Substance must back up government reform talk

Gov. Nikki Haley's agenda for her second year in office seems to be in order: Job training, tax reform, retirement system changes.

And her No. 1 priority : Jobs, jobs, jobs.

But as she learned in her first year as governor, saying it doesn't make it so, and sometimes even when it looks as if you got what you wanted, real reform proves elusive.

A case in point is Haley's push for a Department of Administration, part of her government restructuring effort. A look at her report card for the legislative session shows the House of Representatives accomplishing that goal, while the Senate received an "incomplete."

But the bill passed by the House fell short of real reform, and senators were right to work to change it.

The biggest flaw of the House version of the bill was that it didn't eliminate the state Budget and Control Board, contrary to the bill's description on Haley's report card.
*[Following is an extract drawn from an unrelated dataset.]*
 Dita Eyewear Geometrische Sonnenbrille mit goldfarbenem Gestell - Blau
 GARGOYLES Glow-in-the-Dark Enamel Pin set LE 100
That board, which comprises the governor, treasurer, comptroller and chairmen of the Senate Finance and House Ways and Means committees, mixes legislative and executive powers in a way that obscures accountability.
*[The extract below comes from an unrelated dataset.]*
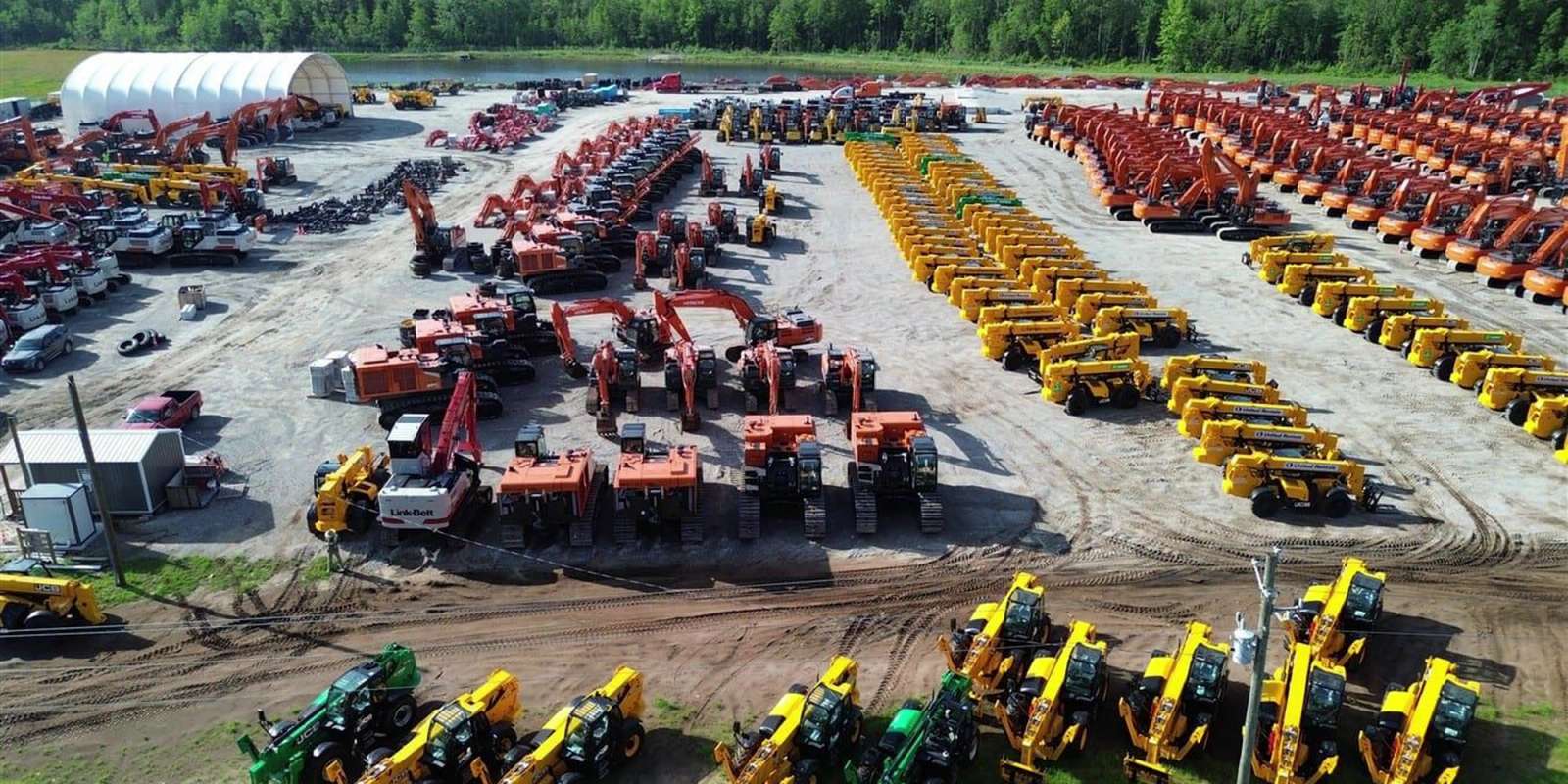 JBH yard aerial — equipment staged in rows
The bill created a Department of Administration and shifted duties away from the board and to the executive branch. But it left the Budget and Control Board in place with some key duties -- managing the state retirement system, analyzing the economic impact of proposed bills and overseeing the budget, a key power that includes the ability to demand across-the-board budget cuts when revenue doesn't come in as expected.

The Senate amended the House bill, eliminating the Budget and Control Board and shifting the Division of General Services, the Division of State Information Technology and the Office of Human Resources to the executive branch under a new Administration Department.

But the amended bill creates a new entity, the State Financial Affairs Authority, which would have the power to make across-the-board agency cuts, oversee the issuing of bonds and oversee insurance services.

That new authority would be made up of the governor, treasurer, comptroller, a senator elected by the full Senate and a House member elected by the full House. That is only a slightly revised Budget and Control Board.

With the bill, the governor would get a Department of Administration, but would the people of South Carolina get the accountability and efficiency that lawmakers and the governor say they want and we need?

Sometimes we think lawmakers have delivered reform only to find out they haven't. "Reformer's remorse" certainly is setting in on the subject of the Department of Transportation. The 2007 "reform" of that department appears more and more to have been a charade. We're still seeing money problems and projects funded based on politics rather than road priorities.

Both legislative leaders and the governor say they want "tax reform" this year, but how they define it and what they actually achieve will be more important than the label.

Haley said her legislative report card was aimed at increasing communication between her and the people of the state and between the people and lawmakers.

Keeping voters focused on what is and isn't happening in Columbia is important. But there is a difference between making needed changes in state government and checking items off a list.